◆ What the task asks ◆
Begin with the first line of the entries below. Copy each line exactly, stopping after the one that contains "Oliver Spencer Belted".

Records from a data source
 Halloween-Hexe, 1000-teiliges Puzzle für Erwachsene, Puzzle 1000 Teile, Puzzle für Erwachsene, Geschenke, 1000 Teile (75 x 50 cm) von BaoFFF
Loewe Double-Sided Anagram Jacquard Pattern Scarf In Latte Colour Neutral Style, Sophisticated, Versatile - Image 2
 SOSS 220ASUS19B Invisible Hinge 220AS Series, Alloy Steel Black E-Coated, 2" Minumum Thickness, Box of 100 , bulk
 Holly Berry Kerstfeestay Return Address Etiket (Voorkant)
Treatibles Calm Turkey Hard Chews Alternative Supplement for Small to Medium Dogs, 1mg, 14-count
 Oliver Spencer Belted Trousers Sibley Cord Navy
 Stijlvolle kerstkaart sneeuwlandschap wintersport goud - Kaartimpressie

◆ Task response ◆
 Halloween-Hexe, 1000-teiliges Puzzle für Erwachsene, Puzzle 1000 Teile, Puzzle für Erwachsene, Geschenke, 1000 Teile (75 x 50 cm) von BaoFFF
Loewe Double-Sided Anagram Jacquard Pattern Scarf In Latte Colour Neutral Style, Sophisticated, Versatile - Image 2
 SOSS 220ASUS19B Invisible Hinge 220AS Series, Alloy Steel Black E-Coated, 2" Minumum Thickness, Box of 100 , bulk
 Holly Berry Kerstfeestay Return Address Etiket (Voorkant)
Treatibles Calm Turkey Hard Chews Alternative Supplement for Small to Medium Dogs, 1mg, 14-count
 Oliver Spencer Belted Trousers Sibley Cord Navy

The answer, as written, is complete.